Portugal’s accession to the EEC/European Union, total subservience to NATO, the abolition of the national currency and the slavish alignment with American imperial expansionism have broken the backbone of the old Lusitanian nation, with its 883 years of independence.

Mário Soares kicked off the surrender of independence, blinded by obsessive anti-communism and determined to turn Portugal into the “model pupil”, the obedient child of European integration. Every head of government since then has delivered further blows to national sovereignty.

Economically and financially, Portugal now lives under the colonial tutelage of the European Union, submitting its state budget year after year for final approval in Brussels. Militarily, it obeys every NATO command.

One of the most severe limitations on national sovereignty is the use by the United States of the Lajes air base, on Terceira Island in the Azores archipelago.

The “Lajes Agreement” was established in 1951 between Salazar’s fascist government and the administration of Harry Truman and reinforced in 1955 under the presidency of Dwight Eisenhower.

Broadly speaking, the 1955 version belonged to the Cold War framework and granted Portugal little more than formal sovereignty while allowing extensive operational autonomy for the United States.

In 1995, the agreement was revised and signed on the Portuguese side by foreign minister Durão Barroso – whose later career needs little introduction – and on the American side by Warren Christopher, secretary of state in the Clinton administration.

A few years later, in 2003, Lajes air base became the chosen stage for George W Bush’s summit with his willing partners José María Aznar and Tony Blair, where the decision was taken to attack Iraq on the false pretext that the country possessed weapons of mass destruction. Durão Barroso, by then prime minister, acted as host and made Portugal complicit in the deception.

The 1995 “agreement” formally guarantees Portugal’s “full sovereignty” over Lajes, but the devil lies in the detail.
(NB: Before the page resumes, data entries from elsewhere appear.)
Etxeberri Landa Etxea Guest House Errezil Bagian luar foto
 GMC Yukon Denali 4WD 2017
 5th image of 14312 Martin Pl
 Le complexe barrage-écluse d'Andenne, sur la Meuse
The text is deliberately ambiguous, more “flexible”. It allows automatic authorisations for undefined military operations and extensive use of the base by the US Department of War, with only minimal political oversight from Portugal.

For example, in the imperial-Zionist war launched against Iran, there may have been a request for authorisation for the use of Lajes by the United States, but there is no public information regarding specific missions – targets, objectives or attacks.

Portugal’s foreign minister, Paulo Rangel, stated that Lisbon’s authorisation had been granted on condition that international law be respected and only in the event that the United States had first come under attack.

Another condition was that American forces should act according to the principles of “necessity and proportionality” and in ways that would avoid civilian casualties. None of these conditions was respected by Trump and his partners; nor is there any indication that Portugal expressed the slightest dissatisfaction.

In this context, the Portuguese authorities neither verify the nature of military operations nor exercise public oversight over the activities of a criminally reckless figure such as Donald Trump. The Portuguese government allows, for example, the refuelling at Lajes of MQ-9 Reaper killer drones on their routes to attack Iran

Portugal has therefore entered the war against Iran by becoming part of the operational military chain. In doing so, it has turned itself into a legitimate strategic target for Iranian forces.

These circumstances reveal that, in the hands of successive governments of the “Central Bloc”, submissive and loyal interpreters of neoliberal brutality, Portugal is becoming an ever more agonising country – one increasingly threatened with extinction.

 

The views of individual contributors do not necessarily represent those of the Strategic Culture Foundation.
Chronicle of a dying country

Economically and financially, Portugal lives under the colonial tutelage of the EU, submitting its state budget year after year for final approval in Brussels. Militarily, it obeys every NATO command.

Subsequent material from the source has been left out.